(Brief descriptive captions)
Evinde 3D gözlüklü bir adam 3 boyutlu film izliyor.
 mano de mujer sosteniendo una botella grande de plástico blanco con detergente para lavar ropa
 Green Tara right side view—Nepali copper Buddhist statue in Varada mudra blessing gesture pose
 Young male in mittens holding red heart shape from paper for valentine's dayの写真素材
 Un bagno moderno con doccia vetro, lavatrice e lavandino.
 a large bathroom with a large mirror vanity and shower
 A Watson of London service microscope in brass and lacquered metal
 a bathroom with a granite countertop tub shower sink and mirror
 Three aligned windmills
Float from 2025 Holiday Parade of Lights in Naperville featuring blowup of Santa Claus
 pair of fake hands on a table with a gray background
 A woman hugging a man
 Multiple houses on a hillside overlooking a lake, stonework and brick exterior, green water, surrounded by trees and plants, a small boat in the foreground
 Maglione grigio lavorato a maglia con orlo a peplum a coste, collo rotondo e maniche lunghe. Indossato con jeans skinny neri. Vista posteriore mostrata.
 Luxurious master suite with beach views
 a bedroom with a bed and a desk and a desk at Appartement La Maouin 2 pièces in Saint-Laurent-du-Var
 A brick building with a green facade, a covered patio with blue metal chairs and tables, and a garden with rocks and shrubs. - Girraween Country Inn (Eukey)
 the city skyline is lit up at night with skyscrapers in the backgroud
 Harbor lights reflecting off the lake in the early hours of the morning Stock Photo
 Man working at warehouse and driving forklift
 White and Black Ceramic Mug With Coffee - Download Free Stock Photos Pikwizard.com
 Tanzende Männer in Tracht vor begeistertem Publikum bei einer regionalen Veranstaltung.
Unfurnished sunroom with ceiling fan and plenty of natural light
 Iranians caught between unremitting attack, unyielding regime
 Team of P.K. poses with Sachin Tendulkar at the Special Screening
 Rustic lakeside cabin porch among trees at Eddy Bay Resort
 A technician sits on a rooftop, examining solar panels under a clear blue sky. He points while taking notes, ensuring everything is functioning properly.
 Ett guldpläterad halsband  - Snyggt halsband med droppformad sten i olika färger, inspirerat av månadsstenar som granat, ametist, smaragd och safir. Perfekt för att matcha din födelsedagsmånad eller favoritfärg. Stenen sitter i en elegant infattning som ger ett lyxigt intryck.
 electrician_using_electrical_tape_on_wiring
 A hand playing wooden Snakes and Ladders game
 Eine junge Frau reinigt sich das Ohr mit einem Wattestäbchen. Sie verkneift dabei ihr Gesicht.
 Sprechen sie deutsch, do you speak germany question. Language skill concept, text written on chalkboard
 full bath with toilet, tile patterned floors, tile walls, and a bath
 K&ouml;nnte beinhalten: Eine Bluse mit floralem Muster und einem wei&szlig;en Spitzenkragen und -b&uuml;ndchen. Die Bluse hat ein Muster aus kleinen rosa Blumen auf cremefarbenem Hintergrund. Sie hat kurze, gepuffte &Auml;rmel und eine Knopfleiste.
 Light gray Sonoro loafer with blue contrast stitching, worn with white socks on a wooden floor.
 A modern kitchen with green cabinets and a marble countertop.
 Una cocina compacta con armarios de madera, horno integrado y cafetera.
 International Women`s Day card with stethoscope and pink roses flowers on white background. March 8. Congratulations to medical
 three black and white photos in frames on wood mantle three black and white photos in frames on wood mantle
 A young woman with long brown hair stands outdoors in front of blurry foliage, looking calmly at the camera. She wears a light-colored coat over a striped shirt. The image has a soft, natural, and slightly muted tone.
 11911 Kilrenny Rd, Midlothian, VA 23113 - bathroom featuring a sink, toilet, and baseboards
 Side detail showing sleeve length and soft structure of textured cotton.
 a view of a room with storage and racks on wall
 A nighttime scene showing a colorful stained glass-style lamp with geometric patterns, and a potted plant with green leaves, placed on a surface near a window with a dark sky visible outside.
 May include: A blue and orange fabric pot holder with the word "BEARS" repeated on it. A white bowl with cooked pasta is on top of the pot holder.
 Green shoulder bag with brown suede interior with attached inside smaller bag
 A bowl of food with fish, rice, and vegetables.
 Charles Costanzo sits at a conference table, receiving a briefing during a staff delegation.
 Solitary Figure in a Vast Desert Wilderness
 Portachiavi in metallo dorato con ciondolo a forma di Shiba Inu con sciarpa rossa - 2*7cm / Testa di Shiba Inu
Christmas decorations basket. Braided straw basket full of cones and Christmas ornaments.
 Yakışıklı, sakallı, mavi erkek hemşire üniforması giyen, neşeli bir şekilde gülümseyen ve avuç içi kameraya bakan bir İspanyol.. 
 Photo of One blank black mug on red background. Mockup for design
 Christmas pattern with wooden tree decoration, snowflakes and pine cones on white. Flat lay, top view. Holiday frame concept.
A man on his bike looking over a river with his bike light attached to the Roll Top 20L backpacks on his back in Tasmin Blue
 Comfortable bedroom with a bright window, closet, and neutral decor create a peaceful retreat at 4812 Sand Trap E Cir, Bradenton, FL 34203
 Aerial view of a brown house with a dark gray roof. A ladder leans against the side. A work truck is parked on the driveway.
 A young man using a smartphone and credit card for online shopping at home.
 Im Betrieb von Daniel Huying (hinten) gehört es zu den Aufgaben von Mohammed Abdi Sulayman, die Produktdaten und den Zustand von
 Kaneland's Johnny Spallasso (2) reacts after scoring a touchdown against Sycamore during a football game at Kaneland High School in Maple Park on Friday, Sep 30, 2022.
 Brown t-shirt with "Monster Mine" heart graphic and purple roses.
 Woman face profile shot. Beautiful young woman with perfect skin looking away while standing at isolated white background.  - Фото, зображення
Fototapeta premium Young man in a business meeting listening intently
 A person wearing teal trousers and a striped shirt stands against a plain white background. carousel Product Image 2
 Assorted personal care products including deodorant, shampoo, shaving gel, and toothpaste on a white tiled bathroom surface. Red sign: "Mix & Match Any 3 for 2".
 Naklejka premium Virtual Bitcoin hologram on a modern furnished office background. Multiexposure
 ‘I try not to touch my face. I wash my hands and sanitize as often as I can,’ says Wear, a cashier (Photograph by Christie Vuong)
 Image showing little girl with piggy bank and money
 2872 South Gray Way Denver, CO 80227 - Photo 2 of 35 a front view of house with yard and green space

What the task requires ▸
The records are to be repeated in full, exactly as they stand.

Finished exercise ▸
Evinde 3D gözlüklü bir adam 3 boyutlu film izliyor.
 mano de mujer sosteniendo una botella grande de plástico blanco con detergente para lavar ropa
 Green Tara right side view—Nepali copper Buddhist statue in Varada mudra blessing gesture pose
 Young male in mittens holding red heart shape from paper for valentine's dayの写真素材
 Un bagno moderno con doccia vetro, lavatrice e lavandino.
 a large bathroom with a large mirror vanity and shower
 A Watson of London service microscope in brass and lacquered metal
 a bathroom with a granite countertop tub shower sink and mirror
 Three aligned windmills
Float from 2025 Holiday Parade of Lights in Naperville featuring blowup of Santa Claus
 pair of fake hands on a table with a gray background
 A woman hugging a man
 Multiple houses on a hillside overlooking a lake, stonework and brick exterior, green water, surrounded by trees and plants, a small boat in the foreground
 Maglione grigio lavorato a maglia con orlo a peplum a coste, collo rotondo e maniche lunghe. Indossato con jeans skinny neri. Vista posteriore mostrata.
 Luxurious master suite with beach views
 a bedroom with a bed and a desk and a desk at Appartement La Maouin 2 pièces in Saint-Laurent-du-Var
 A brick building with a green facade, a covered patio with blue metal chairs and tables, and a garden with rocks and shrubs. - Girraween Country Inn (Eukey)
 the city skyline is lit up at night with skyscrapers in the backgroud
 Harbor lights reflecting off the lake in the early hours of the morning Stock Photo
 Man working at warehouse and driving forklift
 White and Black Ceramic Mug With Coffee - Download Free Stock Photos Pikwizard.com
 Tanzende Männer in Tracht vor begeistertem Publikum bei einer regionalen Veranstaltung.
Unfurnished sunroom with ceiling fan and plenty of natural light
 Iranians caught between unremitting attack, unyielding regime
 Team of P.K. poses with Sachin Tendulkar at the Special Screening
 Rustic lakeside cabin porch among trees at Eddy Bay Resort
 A technician sits on a rooftop, examining solar panels under a clear blue sky. He points while taking notes, ensuring everything is functioning properly.
 Ett guldpläterad halsband  - Snyggt halsband med droppformad sten i olika färger, inspirerat av månadsstenar som granat, ametist, smaragd och safir. Perfekt för att matcha din födelsedagsmånad eller favoritfärg. Stenen sitter i en elegant infattning som ger ett lyxigt intryck.
 electrician_using_electrical_tape_on_wiring
 A hand playing wooden Snakes and Ladders game
 Eine junge Frau reinigt sich das Ohr mit einem Wattestäbchen. Sie verkneift dabei ihr Gesicht.
 Sprechen sie deutsch, do you speak germany question. Language skill concept, text written on chalkboard
 full bath with toilet, tile patterned floors, tile walls, and a bath
 K&ouml;nnte beinhalten: Eine Bluse mit floralem Muster und einem wei&szlig;en Spitzenkragen und -b&uuml;ndchen. Die Bluse hat ein Muster aus kleinen rosa Blumen auf cremefarbenem Hintergrund. Sie hat kurze, gepuffte &Auml;rmel und eine Knopfleiste.
 Light gray Sonoro loafer with blue contrast stitching, worn with white socks on a wooden floor.
 A modern kitchen with green cabinets and a marble countertop.
 Una cocina compacta con armarios de madera, horno integrado y cafetera.
 International Women`s Day card with stethoscope and pink roses flowers on white background. March 8. Congratulations to medical
 three black and white photos in frames on wood mantle three black and white photos in frames on wood mantle
 A young woman with long brown hair stands outdoors in front of blurry foliage, looking calmly at the camera. She wears a light-colored coat over a striped shirt. The image has a soft, natural, and slightly muted tone.
 11911 Kilrenny Rd, Midlothian, VA 23113 - bathroom featuring a sink, toilet, and baseboards
 Side detail showing sleeve length and soft structure of textured cotton.
 a view of a room with storage and racks on wall
 A nighttime scene showing a colorful stained glass-style lamp with geometric patterns, and a potted plant with green leaves, placed on a surface near a window with a dark sky visible outside.
 May include: A blue and orange fabric pot holder with the word "BEARS" repeated on it. A white bowl with cooked pasta is on top of the pot holder.
 Green shoulder bag with brown suede interior with attached inside smaller bag
 A bowl of food with fish, rice, and vegetables.
 Charles Costanzo sits at a conference table, receiving a briefing during a staff delegation.
 Solitary Figure in a Vast Desert Wilderness
 Portachiavi in metallo dorato con ciondolo a forma di Shiba Inu con sciarpa rossa - 2*7cm / Testa di Shiba Inu
Christmas decorations basket. Braided straw basket full of cones and Christmas ornaments.
 Yakışıklı, sakallı, mavi erkek hemşire üniforması giyen, neşeli bir şekilde gülümseyen ve avuç içi kameraya bakan bir İspanyol.. 
 Photo of One blank black mug on red background. Mockup for design
 Christmas pattern with wooden tree decoration, snowflakes and pine cones on white. Flat lay, top view. Holiday frame concept.
A man on his bike looking over a river with his bike light attached to the Roll Top 20L backpacks on his back in Tasmin Blue
 Comfortable bedroom with a bright window, closet, and neutral decor create a peaceful retreat at 4812 Sand Trap E Cir, Bradenton, FL 34203
 Aerial view of a brown house with a dark gray roof. A ladder leans against the side. A work truck is parked on the driveway.
 A young man using a smartphone and credit card for online shopping at home.
 Im Betrieb von Daniel Huying (hinten) gehört es zu den Aufgaben von Mohammed Abdi Sulayman, die Produktdaten und den Zustand von
 Kaneland's Johnny Spallasso (2) reacts after scoring a touchdown against Sycamore during a football game at Kaneland High School in Maple Park on Friday, Sep 30, 2022.
 Brown t-shirt with "Monster Mine" heart graphic and purple roses.
 Woman face profile shot. Beautiful young woman with perfect skin looking away while standing at isolated white background.  - Фото, зображення
Fototapeta premium Young man in a business meeting listening intently
 A person wearing teal trousers and a striped shirt stands against a plain white background. carousel Product Image 2
 Assorted personal care products including deodorant, shampoo, shaving gel, and toothpaste on a white tiled bathroom surface. Red sign: "Mix & Match Any 3 for 2".
 Naklejka premium Virtual Bitcoin hologram on a modern furnished office background. Multiexposure
 ‘I try not to touch my face. I wash my hands and sanitize as often as I can,’ says Wear, a cashier (Photograph by Christie Vuong)
 Image showing little girl with piggy bank and money
 2872 South Gray Way Denver, CO 80227 - Photo 2 of 35 a front view of house with yard and green space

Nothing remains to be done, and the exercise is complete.